* MATERIAL FOR THIS TASK:
---------------
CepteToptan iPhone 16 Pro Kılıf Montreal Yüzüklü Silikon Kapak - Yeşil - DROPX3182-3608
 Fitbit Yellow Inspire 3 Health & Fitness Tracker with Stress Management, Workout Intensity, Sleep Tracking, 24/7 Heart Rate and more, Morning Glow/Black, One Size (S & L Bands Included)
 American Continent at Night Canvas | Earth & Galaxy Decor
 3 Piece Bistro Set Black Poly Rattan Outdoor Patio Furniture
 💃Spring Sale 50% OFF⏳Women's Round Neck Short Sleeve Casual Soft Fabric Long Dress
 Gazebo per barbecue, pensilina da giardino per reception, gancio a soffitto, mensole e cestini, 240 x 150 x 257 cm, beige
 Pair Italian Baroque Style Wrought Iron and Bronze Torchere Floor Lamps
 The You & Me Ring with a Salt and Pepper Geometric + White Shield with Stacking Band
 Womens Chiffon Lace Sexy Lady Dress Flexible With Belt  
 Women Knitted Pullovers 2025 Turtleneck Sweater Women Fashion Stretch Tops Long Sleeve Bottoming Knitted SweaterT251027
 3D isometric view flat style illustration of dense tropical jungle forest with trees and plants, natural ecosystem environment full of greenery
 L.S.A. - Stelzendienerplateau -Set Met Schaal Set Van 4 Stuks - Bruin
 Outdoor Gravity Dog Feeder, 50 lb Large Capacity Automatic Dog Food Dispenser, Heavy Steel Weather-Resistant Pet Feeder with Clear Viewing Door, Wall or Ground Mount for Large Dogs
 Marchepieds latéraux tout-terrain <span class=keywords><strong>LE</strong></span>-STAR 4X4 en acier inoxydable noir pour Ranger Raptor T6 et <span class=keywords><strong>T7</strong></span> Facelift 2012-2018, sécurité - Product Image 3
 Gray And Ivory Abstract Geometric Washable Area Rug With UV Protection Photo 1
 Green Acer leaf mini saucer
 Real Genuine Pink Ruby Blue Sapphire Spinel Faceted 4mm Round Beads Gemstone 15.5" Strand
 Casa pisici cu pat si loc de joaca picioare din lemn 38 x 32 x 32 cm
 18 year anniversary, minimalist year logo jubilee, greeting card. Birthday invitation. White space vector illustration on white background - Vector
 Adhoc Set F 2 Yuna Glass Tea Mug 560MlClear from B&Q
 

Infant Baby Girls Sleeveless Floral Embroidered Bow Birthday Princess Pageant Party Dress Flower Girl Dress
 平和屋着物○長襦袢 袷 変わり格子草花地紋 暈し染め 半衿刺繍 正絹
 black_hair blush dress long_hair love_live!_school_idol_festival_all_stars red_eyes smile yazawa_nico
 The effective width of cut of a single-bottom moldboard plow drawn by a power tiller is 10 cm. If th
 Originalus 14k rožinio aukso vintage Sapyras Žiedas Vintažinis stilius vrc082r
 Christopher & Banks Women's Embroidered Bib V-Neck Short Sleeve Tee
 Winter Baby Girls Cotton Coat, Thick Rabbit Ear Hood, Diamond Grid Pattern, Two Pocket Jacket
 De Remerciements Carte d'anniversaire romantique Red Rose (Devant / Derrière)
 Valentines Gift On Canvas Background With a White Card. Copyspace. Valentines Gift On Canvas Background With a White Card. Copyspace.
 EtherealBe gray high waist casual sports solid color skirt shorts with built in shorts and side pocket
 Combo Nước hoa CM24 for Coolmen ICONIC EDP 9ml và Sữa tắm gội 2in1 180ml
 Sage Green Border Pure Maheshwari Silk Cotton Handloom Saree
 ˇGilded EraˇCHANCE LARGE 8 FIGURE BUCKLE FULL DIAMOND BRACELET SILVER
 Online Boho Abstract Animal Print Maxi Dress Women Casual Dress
---------------
* AIM OF THE EXERCISE: Word for word, restate the entries from the first line to the line that has "American Continent at", both included, and nothing else.

* RESPONSE TO THIS TASK:
CepteToptan iPhone 16 Pro Kılıf Montreal Yüzüklü Silikon Kapak - Yeşil - DROPX3182-3608
 Fitbit Yellow Inspire 3 Health & Fitness Tracker with Stress Management, Workout Intensity, Sleep Tracking, 24/7 Heart Rate and more, Morning Glow/Black, One Size (S & L Bands Included)
 American Continent at Night Canvas | Earth & Galaxy Decor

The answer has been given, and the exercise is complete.